Alfred Lengnick founded the music publishing house which bears his name in London in 1893. Having worked an apprenticeship in the music houses of Leipzig and Vienna he decided to set up his own company in England. The musical scene was predominantly one of European musicians and composers. Lengnick established himself in Great Portland Street with, most importantly, the sole agency in this country for N. Simrock of Berlin. With the copyrights of Brahms and Dvorak, in particular, it was not surprising that his business thrived and within three years this growth necessitated a move to much larger premises in nearby Berners Street.
Lengnick often travelled to the continent to secure new copyrights but during a visit to Germany in 1904 he contracted a chill which proved fatal, dying on Christmas Day. His wife continued to run the business for a few months, but then retired and the good will was handed on to the prestigious publishers Schott & Co. Even during his short tenure Lengnick had built up a reputable catalogue of educational music, in particular the piano works of Chopin (Mukuli's edition) and the then famous Eugen d'Albert edition of the Beethoven piano sonatas. These, together with many simpler compositions and the publication of the examination books for the Incorporated Society of Musicians, placed the firm in a strong position. No fewer than two hundred thousand copies of Dvorak's Humoresque were sold in these early years.
During the 1930s the company passed into the hands of Bernard de Nevers who gave sanctuary to members of the Simrock family in the war years and assured the safety of the valuable stock of printers' plates from Germany. With the war over and the royalties from Brahms and Dvorak still supporting him, de Nevers took the opportunity to sign British composers with an enlightened publishing programme.

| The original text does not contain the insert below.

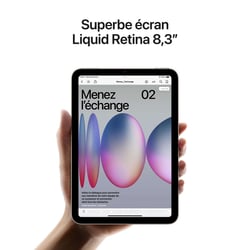 Apple IPad mini - Tablette Ipad os, écran 8.3 pouces (21.1 cm), WiFi 7 / Bluetooth 5.3 + stockage 512 Go + caméra principale 12 mpx + A17 Pro + batterie 5230 mAh - Violet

The roster of composers contains many of the great names of twentieth century British music: William Alwyn, Malcolm Arnold, Edmund Rubbra, Elizabeth Maconchy, Robert Simpson, Bernard Stevens, Kenneth Leighton, Franz Reizenstein, Charles Camilleri and Ernö von Dohnányi. With the purchase of the University of Cardiff Press copyrights, there was a further injection of musical luminaries and some rare scholarly editions by Haydn and Handel became incorporated into the catalogue.
In 1991 Complete Music purchased Lengnick. Composers joining the company in more recent years have included David Ellis, Adam Gorb, Alun Hoddinott, George Newson, Ronald Senator, Edward Watson, Stephen Watson and John Veale. With the purchase of Complete by BMG and BMG's subsequent purchase by Universal Music Publishing Group the Lengnick catalogue is now handled by Ricordi London.